First, where $l$ is the index of some layer, we can imagine some equation:
$$ x^{l+1} = x^{l} + f(x^{l}, \theta^{l}) $$
Where $x^l$ is is the input tensor for layer $l$, and $\theta^l$ is the parameters for layer $l$. This is recursive, and can be flattened out to a simple sum:
$$x^L = x^0 + \sum_{l=0}^{L-1} f( x^l, \theta^l)$$
Where each iteration here in the summation represents the effects of a layer. If we imagine that there's a lot of layers, and that those layers were independent from each other, then naturally we could remove one or two layers without effecting the final result very much. Of course, this isn't true, if we delete the third layer, then we have to find a way to connect the second layer to the fourth layer.

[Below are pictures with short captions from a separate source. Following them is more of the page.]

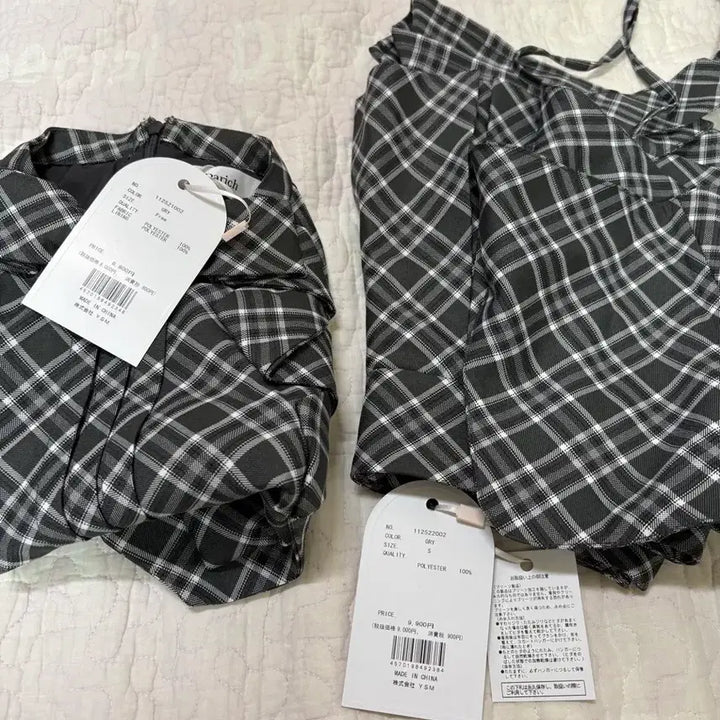 [BUNJANG] Darich Gray Check Setup - Top & Bottom Set / 새상품) darich 다리치 체크셋업 그레이 s 일브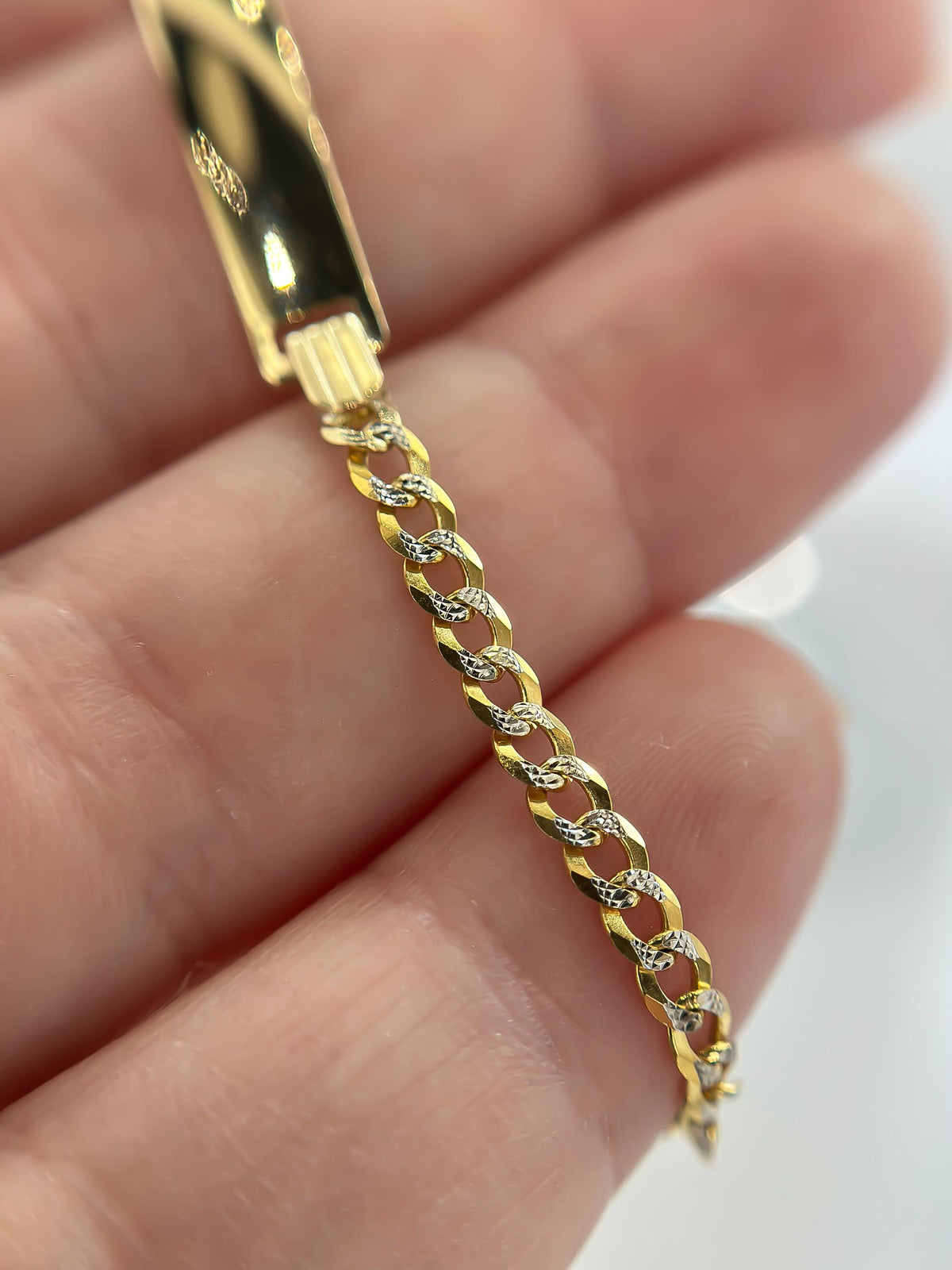 14k SOLID Gold Cuban Link Baby Bracelet Name Tag , 3mm 5.5" - Light, Miami Curb Link, Yellow and White Gold, 585/ 14k Stamp -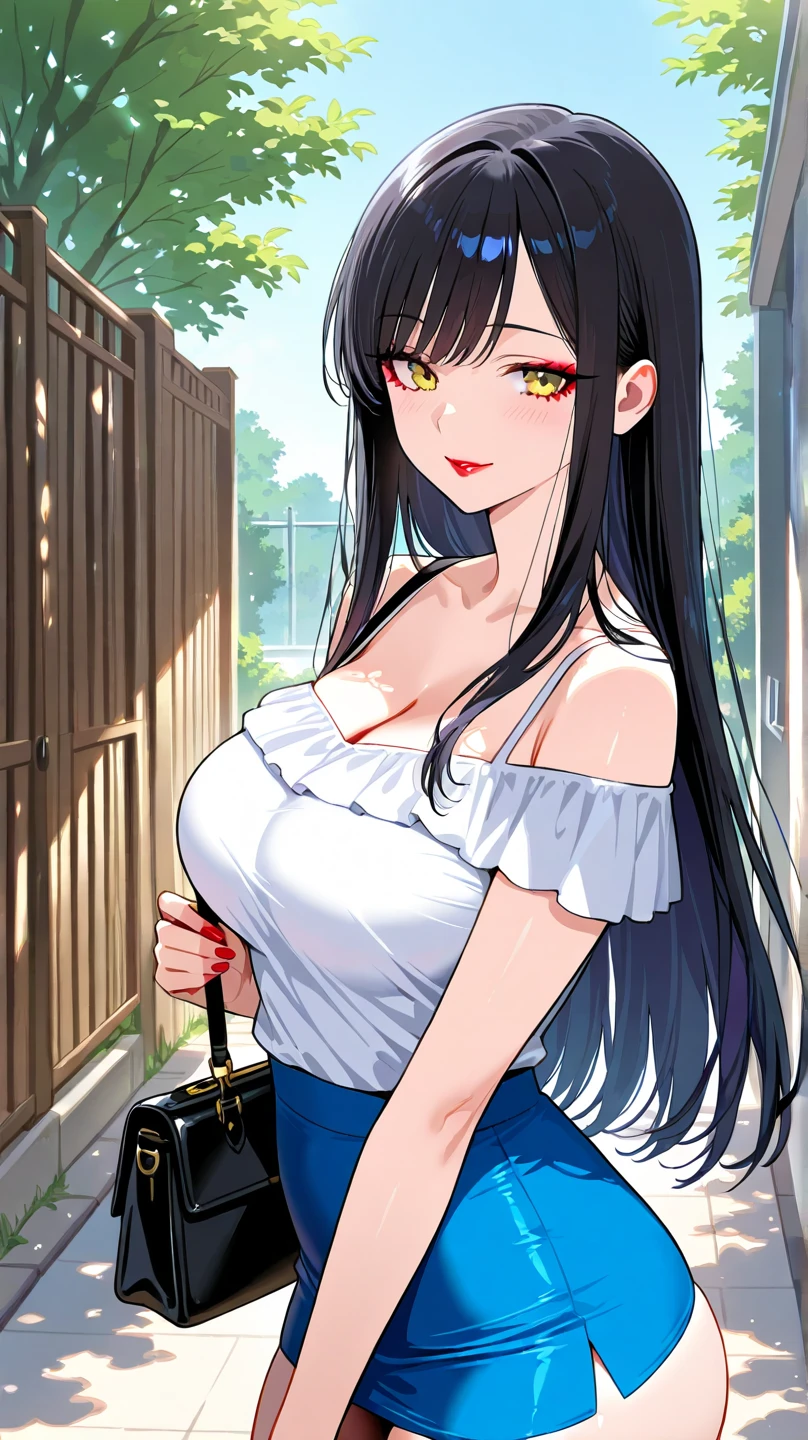 (talking style) (in a casual summer blouse, skirt), (solo:2, 18 yo straight black hair long hair cool dominance girl, detailed cool red eyes, love smile, pink lips, big tits), break, in the lounge, BREAK, perfect anatomy, masterpiece, best quality, 16k, beautiful detailed grow, daydreaming expression.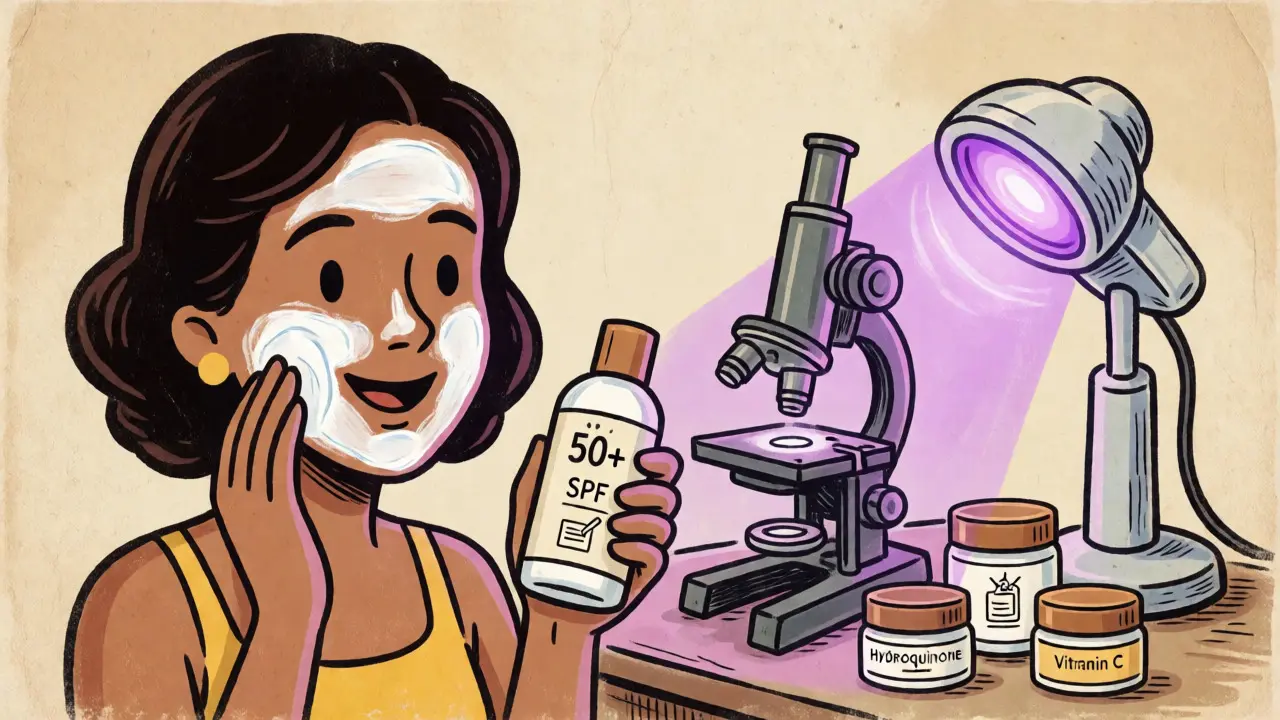 Routine di trattamento del melasma con crema solare e strumenti dermatologici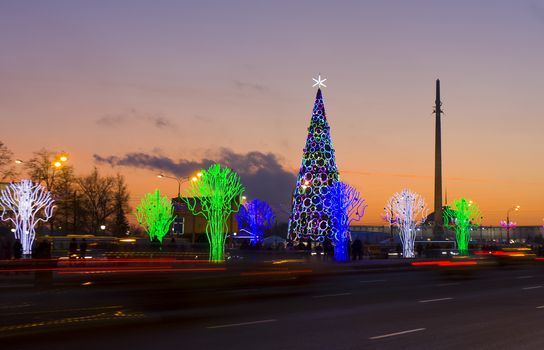 Christmas tree and electric trees, Moscow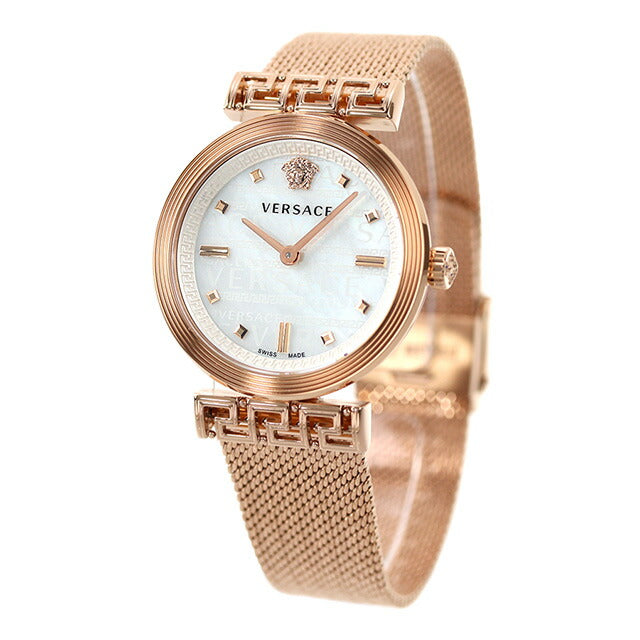 Versace Watch Miander Watch Brand Ladies Velw01322 Analog Shell Pink Gold Switzerland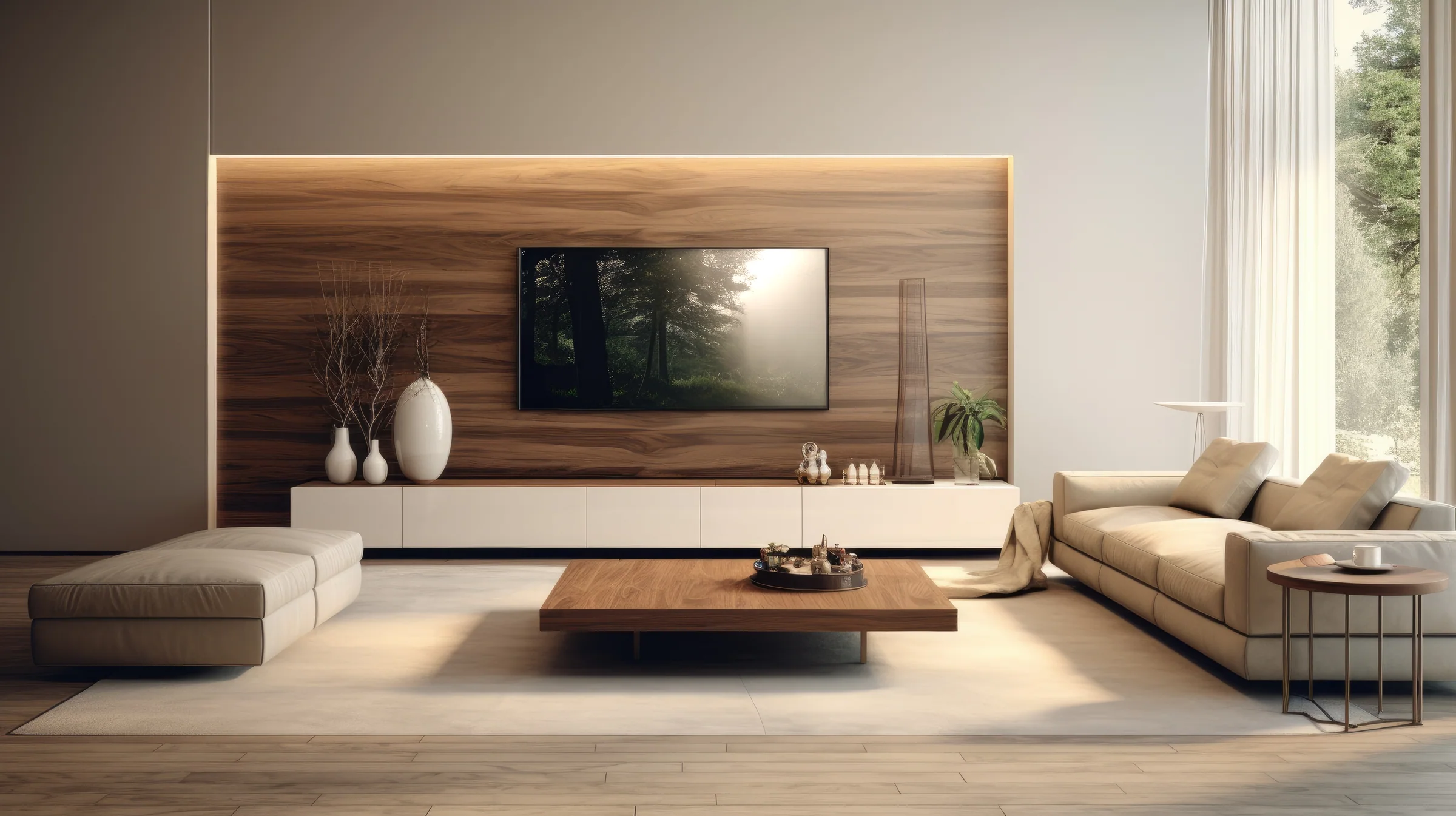 Wohnraum mit Holzwand, eingelassenem Fernseher und Lichtvoute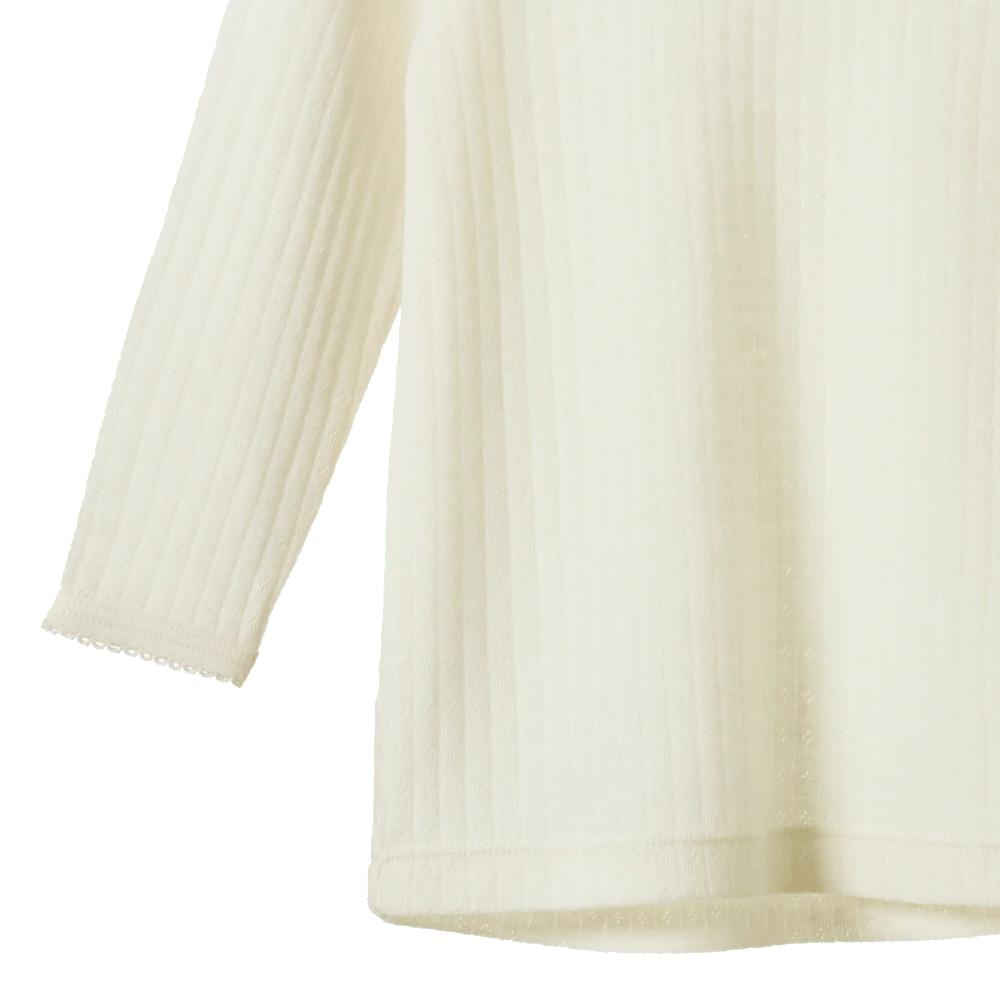 Merino Pointelle Long Sleeve Cloud Tee - Natural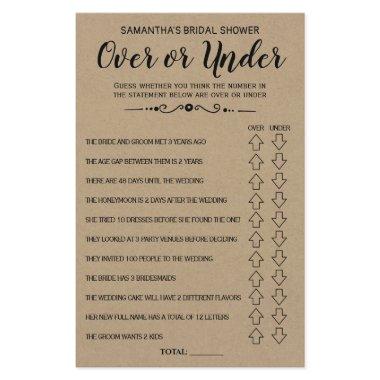 Ove or Under  spanish english game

The exception to this is of course, if somehow as we go along our summation we find that the layers aren't too different from each other, that's to say
$$x^l \approx x^{l-1} + \epsilon$$
Where $\epsilon$ is very tiny, then in theory we could delete these similar layers without having too much effect on their later layers.
Of course, because the biggest changes are made at the first few layers, deleting them likely would have some cascading effect on all the other layers (they wouldn't be independent) and it would be a big deal, but the later layers only make small changes, and are often very similar, so we can probably remove them. Through experimentation, we actually find that the very last layer is often unique (and takes some kind of max) so we won't remove that one.
Method¶
Angular Distance¶
Before we begin, a quick review that the angular distance between two tensors of length $T$ is given as follows:
$$ dist(X_1, X_2) = \frac{1}{\pi} arccos( \frac{X_1 \cdot X_2}{||X_1|| ||X_2||}) $$
Similarity Based Layer Pruning Algorithm¶
The first layer pruning algorithm presented goes as follows:
- Pick a number of layers to prune $n$.
- Compute the angular distance between the input to layer $l$ and the input to layer $l+n$
- Find the layer $l^*$ that minimizes the distance described above, we'll call him $l^*$.
- Drop the layers $l$ to $l+n$ and replace them with $l^*$
- Optionally do some fine-tuning to smooth things out a bit.
Essentially, look at the output of layer $l$, look at the input of layer $l+n$, come up with a single layer that takes that output and transforms it into that input, then replace every layer between $l$ and $l+n$ with that new layer.
Simple Layer Pruning Algorithm¶
Let $L$ be the total number of layers in the model
Pick a number of layers to prune $n$
Take layers $L-n$ to $L-1$ and uhhh..
Perform some fine-tuning to "heal" the model. This is NOT OPTIONAL for this technique, and the model will perform very poorly if you skip it.
How much to cut out?¶
After you cut out a certain amount of a model it's performance starts to become bad (go figure). Specifically for the benchmarks used in the paper, they cut increasing percents of the following model families until getting close to random accuracy.
Model Family | % You Can Cut And Be Better Than Random |
---|---|
Llama 2 | 45%-55% |
Mistral 7B | 35% |
Phi-2 | 25% |
Qwen | 20% |
Layer pruning seems to be more effective on larger models, you can cut out a larger percent of a 70B parameter model than a 7B one.
A comparison between these two techniques and the baseline score can be seen below:
Conclusion¶
Using this technique models that previously required specialist equipment can run on consumer hardware. Better pruning and healing techniques likely exist since these ones are fairly crude. There's also a question of how to avoid creating these redundancies when we train the model in the first place.
Re-Implementation¶
Sorry bud, maybe some other time. My computer won't run big models so I can't really test it on big models...